Sunday, 26 January 2020

nipkow disks

With an improved scan-rate of twelve-and-a-half frames per second (over that of the first transmission back in October of a ventriloquist’s dummy’s head at a rate of five), Scottish engineer John Logie Baird (see previously) made the first public demonstration of his mechanical television on this day in 1926 to members of Royal Institution and reporters from his Soho workshop and studio on Frith Street.
His pioneering live video recordings—though rudimentary at first advanced at a galloping rate—and were within a year being transmitted via telephone lines with signals being broadcast across the Atlantic shortly thereafter.
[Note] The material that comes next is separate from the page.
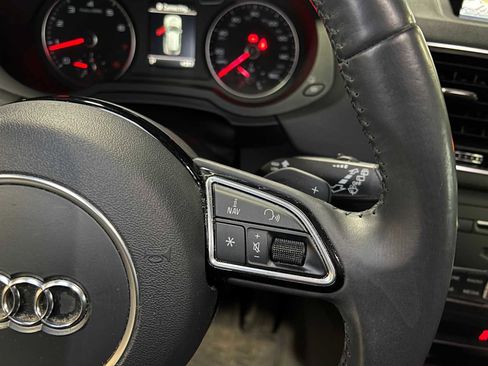 Used 2018 Audi Q3 2.0T Premium Plus w/ Premium Plus Package image 28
Baird went on to invent the first colour television and picture tube, aside from producing some of the world’s first programming.
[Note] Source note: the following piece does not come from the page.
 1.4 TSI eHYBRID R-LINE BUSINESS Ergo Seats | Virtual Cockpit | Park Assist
In the summer of 1930, the BBC—with Baird’s input—selected the one-act drama by Luigi Pirandello, The Man with the Flower in his Mouth (L’Uomo dal Fiore in Bocca) to be the adaptation of its first experimental telecast, the exchange between a man dying of a malignant growth in his throat (il fiore in bocca) and a relaxed business man who missed his train connection and is content to wile away his time until the next comes was chosen for its running-time of thirty minutes, small cast and lack of scene changes. As it was a live transmission, no record of the original exists.